从孟子想到现实,想到我们身边充斥着很多似是而非的观念,一看到孟子上边说的那段渔网网眼什么的话,我就知道又得有些环保主义者该拿它说事了:“瞧瞧咱们古人,几千年前就知道生态问题的重要性了,而且这么早以前就有这么好的解决办法了,天人合一之道啊(我插一句,他们这是把‘天人合一’的意思彻底给理解错了,不少人都犯这个错误)!再看看我们现在,不重视环境,竭泽而渔,滥砍滥伐,搞得沙尘暴也起来了,洪水也泛滥了,我们真得学学古人了!”

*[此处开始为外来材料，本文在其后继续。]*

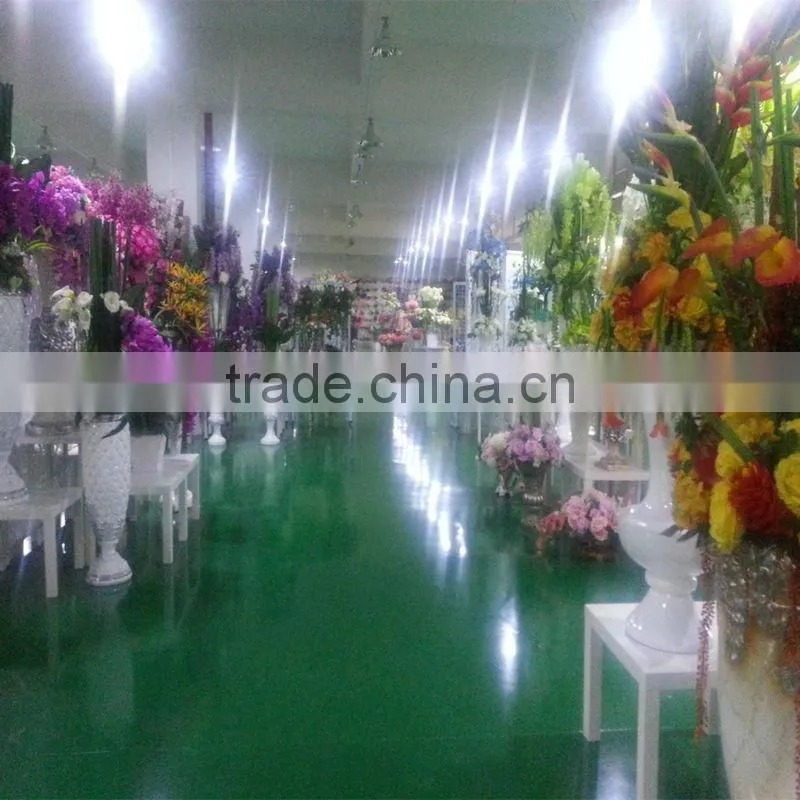 artificial flower/artificial ornament flowers artificial white calla lily flowers wedding decoration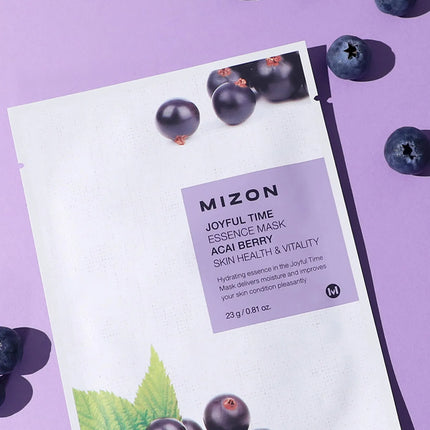 MIZON - Joyful Time Essence Mask Acai Berry 23g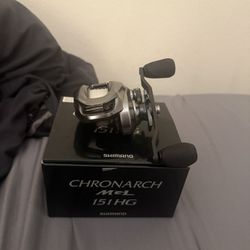 Left Handed Chronarch 151HG MGL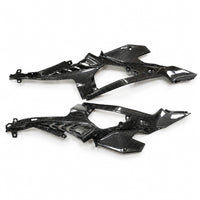 NT 100% Carbon Fiber Side Panel Fit for Kawasaki Ninja 2023-25 ZX4R ZX4RR ZX25R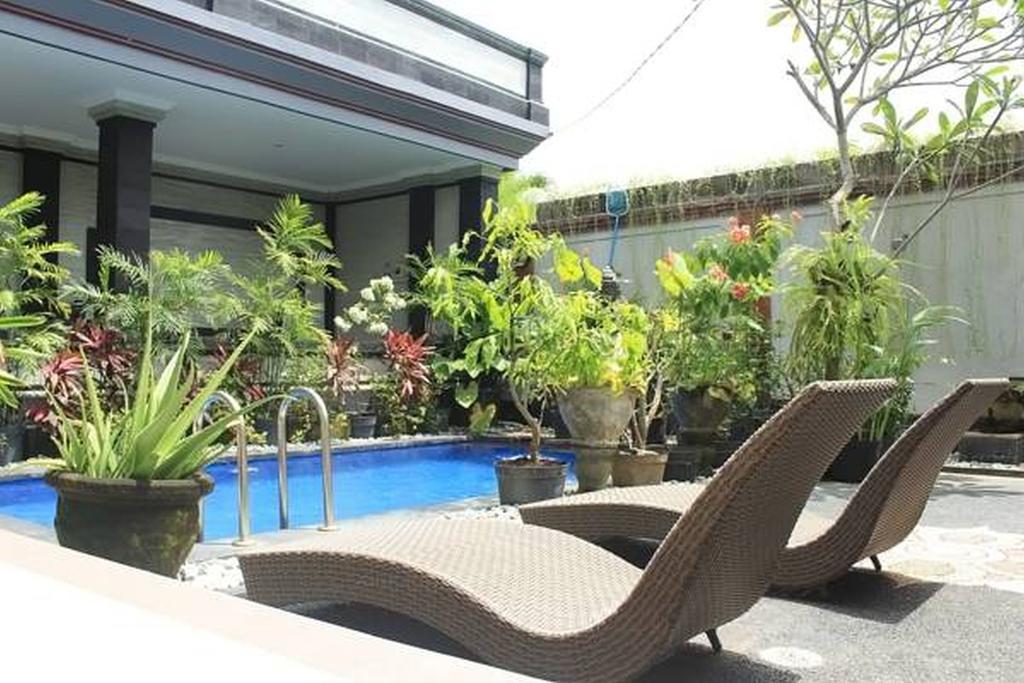 Lucky Family Villa ウブド エクステリア 写真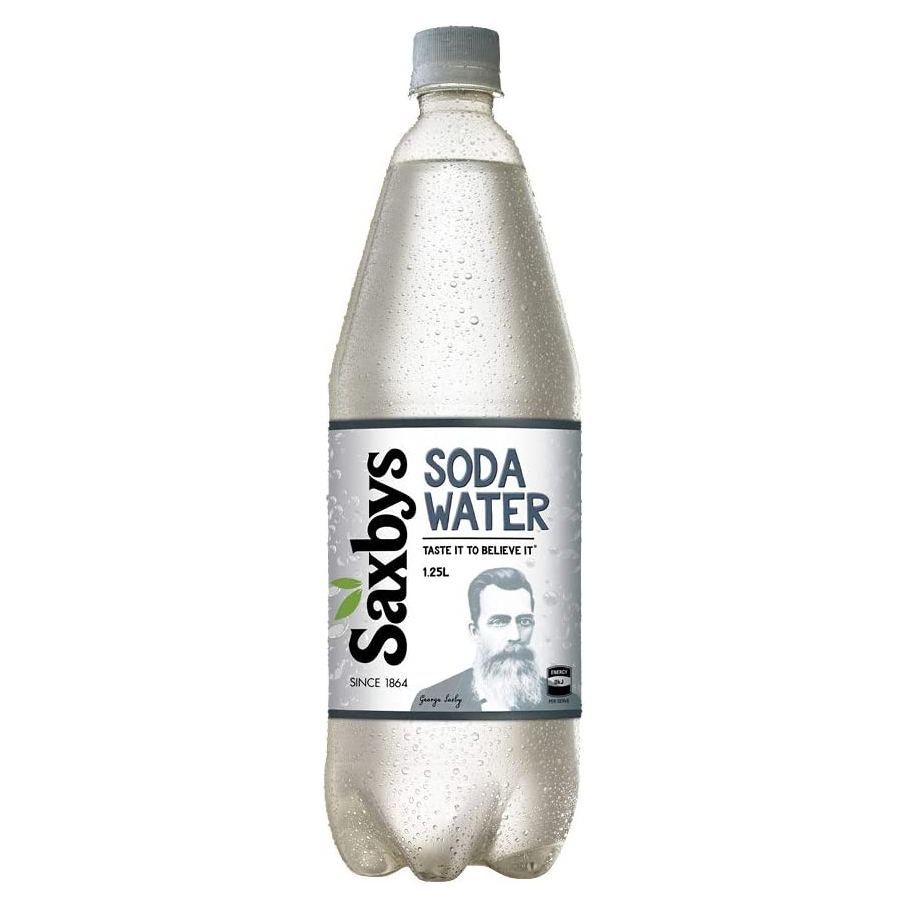 1.25 L Soda Water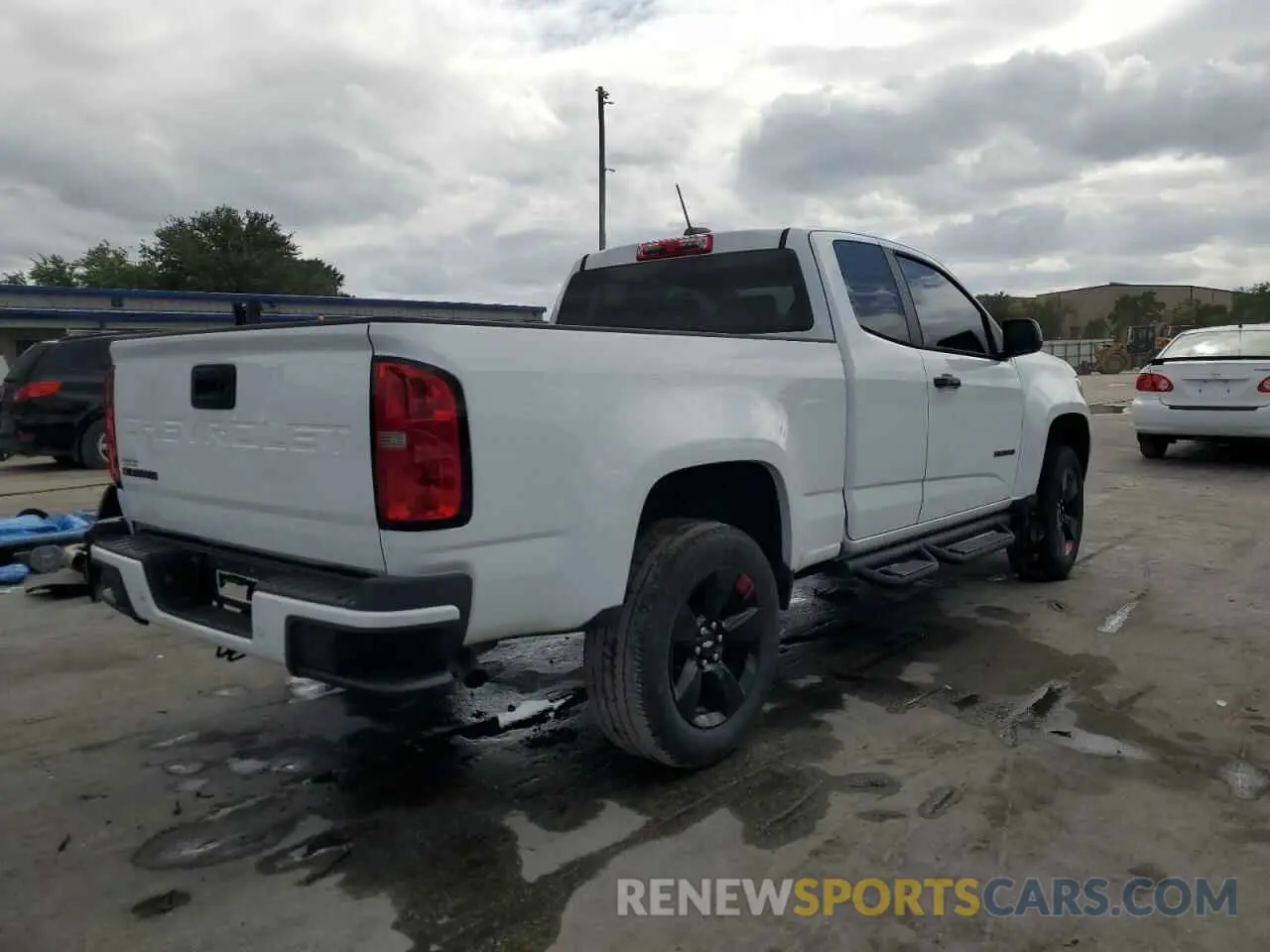 3 Photograph of a damaged car 1GCHSCEA9M1297298 CHEVROLET COLORADO 2021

这几年来,报刊杂志上,电视节目上,这种论调真是太多了,又有一些成为新兴旅游热点的南方古镇,里面从古到今自发的水土资源保护更成了被赞叹的典范。

这就是一种似是而非的观念,因为解决生态问题的办法不大在于人们“明白”与否,明白这个道理是很容易的,明白了也不一定就能做到,就算所有人都明白了也不一定就能做到,事情的难度是在于如何设计出合理的制度出来,而中国古往今来虽然产生了大量的思想和思想家,可最缺乏的恰恰就是制度方面的思想。

就先拿孟子提出的这个桑树种植和渔网网眼这两件事说说吧。桑树的问题相对好解决得多,所谓“五亩之宅,树之以桑”,并没有一片单独的园子来种植桑树,桑树是种在自家院墙的墙根儿的,为什么这样呢?是为了不让桑树和庄稼争地。那么,既然是自家墙根儿的事,孟子又没提到税收的问题,我们就当这个东西是产权明晰的吧,不大会产生什么麻烦。可渔网网眼就不同了,就复杂多了。

我们先来假定一下,一片不大的水域有一百户渔民,每户渔民都把自家的渔网网眼按照孟子的说法搞到一样大小。如果谁都不去破坏这个规则的话,那么,孟子希望达到的那个目的:鱼虾年年都够吃,是可以实现的。好,有一年,问题出现了。张三偷偷把自家的渔网网眼弄小了,神不知鬼不觉,自家的收成比别人家多多了,日子比别人家过得富裕了。这一来,问题可就大了,大家一看张三违规操作,获利甚丰,有些人心眼就跟着动了,起而效仿,也把自家渔网的网眼弄小了,这就等于君子国里突然出现了一个小人,一下子触发了多米诺效应,这个时候,违规的人获利,守规矩的人吃亏,除了圣人,有谁还能继续遵守原来的规矩呢?谁都知道这样下去用不了两年这片水域里就再也打不着鱼了,可问题是,如果你还遵守规矩,那些不守规矩的人一样会把鱼打到绝种,所以,人们的心态就变成了:反正这片水里的鱼也很快就绝种了,在绝种之前能多打点儿就多打点儿吧。

每个人都明白这样做最终会导致谁也吃不着鱼的后果,可还是得继续竭泽而渔。

有人会说了,当张三的问题暴露的时候,要有人管理,有人制裁啊!

那,谁来管理,怎么管理?谁来制裁,怎么制裁?如何保证管理和制裁的公正性,监管成本会有多高,等等,这里面问题可就多了,孟子不能单单提出一个限制渔网网眼就算完了,要有制度化的可行性方案才行啊。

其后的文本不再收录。